[Scraped caption text data]
++++++++++

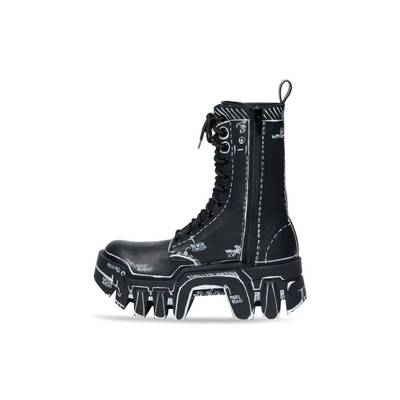 BALENCIAGA Women's Bulldozer Lace-up Boot  in Black outlook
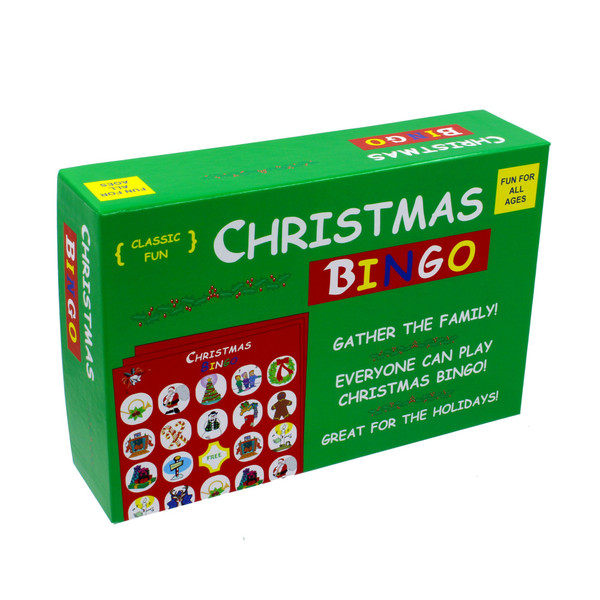 Christmas Bingo - The Original and Classic Version- Complete with Game Cards, Real Bingo Chips and Spinner!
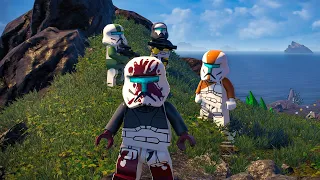 Playing as Delta Squad in LEGO Star Wars The Skywalker Saga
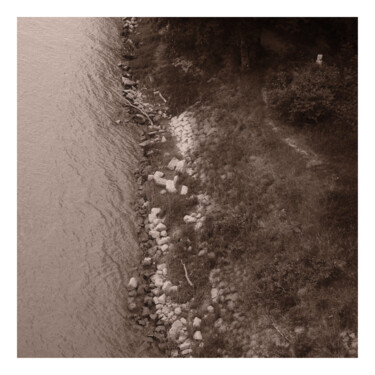 Fotografía titulada "Danube Shoreline" por Zheka Khalétsky, Obra de arte original, Fotografía no manipulada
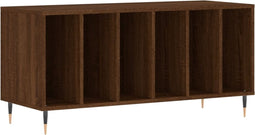 vidaXL - Platenkast - 100x38x48 - cm - bewerkt - hout - bruin - eikenkleur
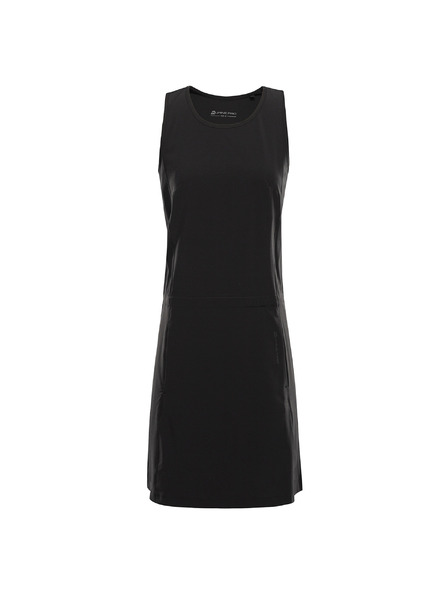 ALPINE PRO Dámske letné šaty z rýchloschnúceho materiálu ALPINE PRO COLEENA 2 black
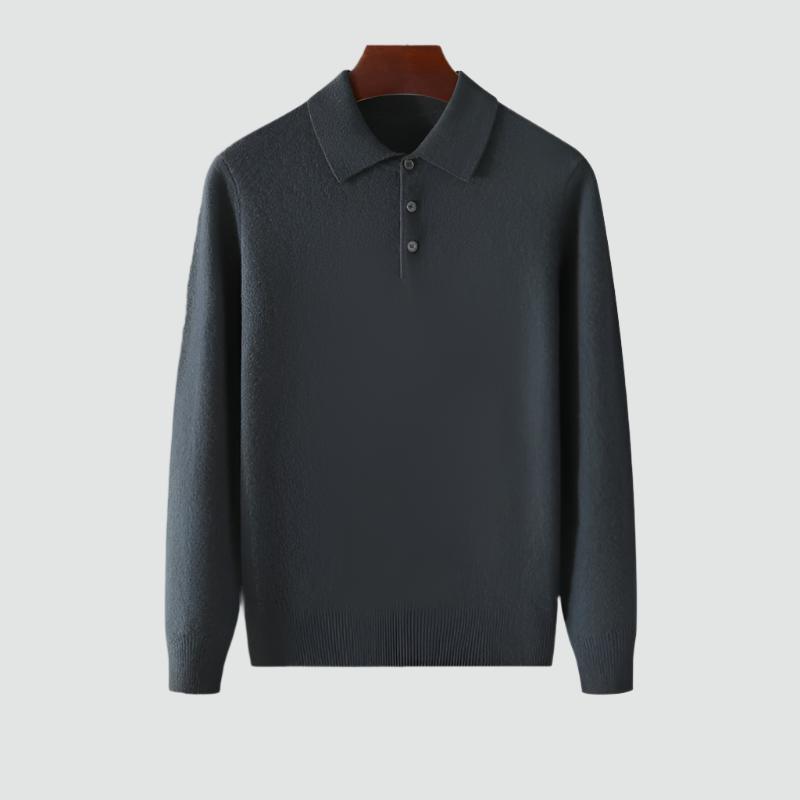 Jonathan - Classic Polo Wool Sweater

++++++++++

[Task]
The response must restate exactly the lines from the one containing "ALPINE PRO Dámske" through the end of the records above and must leave out all pictures.

[Solution for this exercise]
 ALPINE PRO Dámske letné šaty z rýchloschnúceho materiálu ALPINE PRO COLEENA 2 black
 Jonathan - Classic Polo Wool Sweater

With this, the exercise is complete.